Ahmed Sayeed <ahmedsayeed1982 at yahoo.com> changed:

           What    |Removed                     |Added
----------------------------------------------------------------------------
                 CC|                            |ahmedsayeed1982 at yahoo.com

--- Comment #5 from Ahmed Sayeed <ahmedsayeed1982 at yahoo.com> ---
However, this isn't a trivial change.
http://www-look-4.com/category/property/  So to fix the known issue
quickly
    (including in the gdb 10 branch), this patch just disables all
    dwarf2_per_bfd sharing for objfiles using READNOW.
https://www.webb-dev.co.uk/category/sports/

    Generalize the gdb.base/index-cache-load-twice.exp test to test all
    the possible combinations of loading
https://komiya-dental.com/category/sports/ a file with partial symtabs,
index
    and readnow.  Move it to
http://www.iu-bloomington.com/category/sports/ gdb.dwarf2, since it
really exercises features
    of the DWARF reader https://waytowhatsnext.com/category/sports/
However, this isn't a trivial change.  So to fix the known issue
quickly
    (including in the gdb 10 branch), this patch just disables all
http://www.wearelondonmade.com/category/property/ 
    dwarf2_per_bfd sharing for objfiles using READNOW.
    http://www.jopspeech.com/category/property/
    Generalize the gdb.base/index-cache-load-twice.exp test to test all
    the possible combinations of loading a file
http://joerg.li/category/property/  with partial symtabs, index
    and readnow.  Move it to gdb.dwarf2, since it really exercises
features http://connstr.net/category/property/ 
    of the DWARF reader
However, this isn't a trivial change.
http://embermanchester.uk/category/property/  So to fix the known issue
quickly
    (including in the gdb 10 branch), this patch just disables all
http://www.slipstone.co.uk/category/property/ 
    dwarf2_per_bfd sharing for objfiles using READNOW.

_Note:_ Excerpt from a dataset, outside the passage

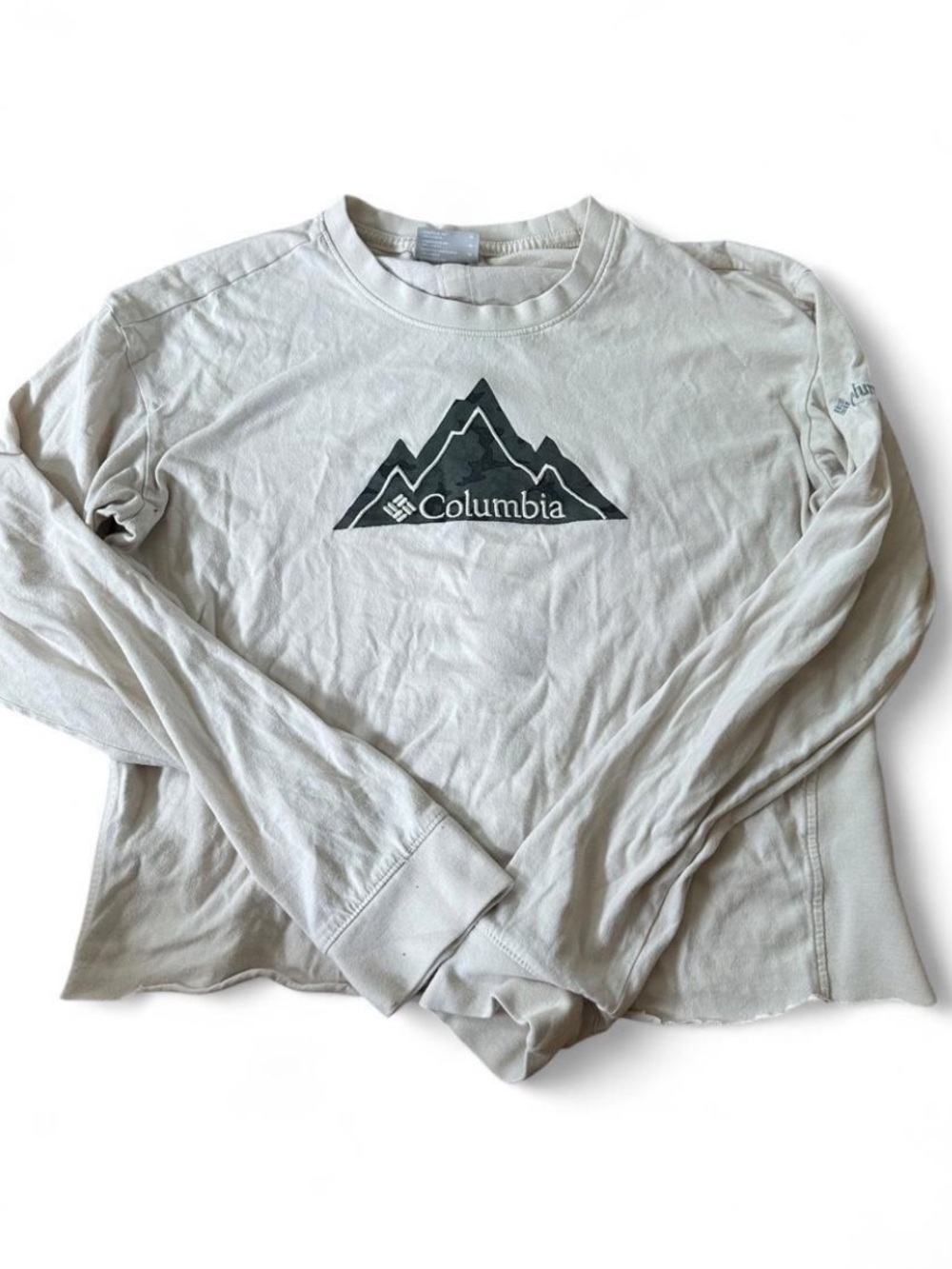 Columbia Cream Long Sleeve Tee with Mountain Logo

    Generalize the gdb.base/index-cache-load-twice.exp
http://www.logoarts.co.uk/category/property/ test to test all
    the possible combinations of loading a file with partial symtabs,
index
    and readnow.  Move it to gdb.dwarf2, since it really exercises
features
    of the DWARF reader
http://www.acpirateradio.co.uk/category/property/
However, this isn't a trivial change.  So to fix the known issue
quickly
    (including in the gdb 10 branch), this patch just disables all
    dwarf2_per_bfd sharing for objfiles using READNOW.
http://www.compilatori.com/category/property/

    Generalize the gdb.base/index-cache-load-twice.exp test to test all
    the possible combinations of loading a file with partial symtabs,
index
    and readnow.  Move it to gdb.dwarf2, since it really exercises
features
    of the DWARF reader

-- 
You are receiving this mail because:
You are watching the assignee of the bug.
You are watching someone on the CC list of the bug.